== MATERIAL SHOWN ==
━━━

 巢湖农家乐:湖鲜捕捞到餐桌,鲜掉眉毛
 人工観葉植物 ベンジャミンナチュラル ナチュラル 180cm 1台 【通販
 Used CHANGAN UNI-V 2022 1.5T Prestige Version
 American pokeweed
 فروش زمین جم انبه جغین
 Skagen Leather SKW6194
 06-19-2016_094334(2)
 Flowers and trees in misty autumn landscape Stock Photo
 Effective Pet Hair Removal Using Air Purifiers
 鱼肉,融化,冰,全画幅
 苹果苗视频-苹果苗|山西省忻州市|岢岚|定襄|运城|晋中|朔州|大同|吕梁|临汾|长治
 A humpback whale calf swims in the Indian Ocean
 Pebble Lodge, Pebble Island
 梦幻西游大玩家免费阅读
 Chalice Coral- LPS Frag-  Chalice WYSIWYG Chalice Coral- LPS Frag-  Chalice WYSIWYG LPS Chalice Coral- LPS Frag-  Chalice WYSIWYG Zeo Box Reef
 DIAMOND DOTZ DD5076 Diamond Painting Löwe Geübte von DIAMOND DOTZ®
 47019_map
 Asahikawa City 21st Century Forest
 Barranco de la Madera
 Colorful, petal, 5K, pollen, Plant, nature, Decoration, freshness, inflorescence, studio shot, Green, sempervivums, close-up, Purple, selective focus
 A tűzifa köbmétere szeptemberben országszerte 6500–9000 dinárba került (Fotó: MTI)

━━━

== YOUR OBJECTIVE ==
The answer consists solely of the lines from the one containing "梦幻西游大玩家免费阅读" through the last line of the data above, reproduced exactly.

== EXPECTED OUTPUT ==
 梦幻西游大玩家免费阅读
 Chalice Coral- LPS Frag-  Chalice WYSIWYG Chalice Coral- LPS Frag-  Chalice WYSIWYG LPS Chalice Coral- LPS Frag-  Chalice WYSIWYG Zeo Box Reef
 DIAMOND DOTZ DD5076 Diamond Painting Löwe Geübte von DIAMOND DOTZ®
 47019_map
 Asahikawa City 21st Century Forest
 Barranco de la Madera
 Colorful, petal, 5K, pollen, Plant, nature, Decoration, freshness, inflorescence, studio shot, Green, sempervivums, close-up, Purple, selective focus
 A tűzifa köbmétere szeptemberben országszerte 6500–9000 dinárba került (Fotó: MTI)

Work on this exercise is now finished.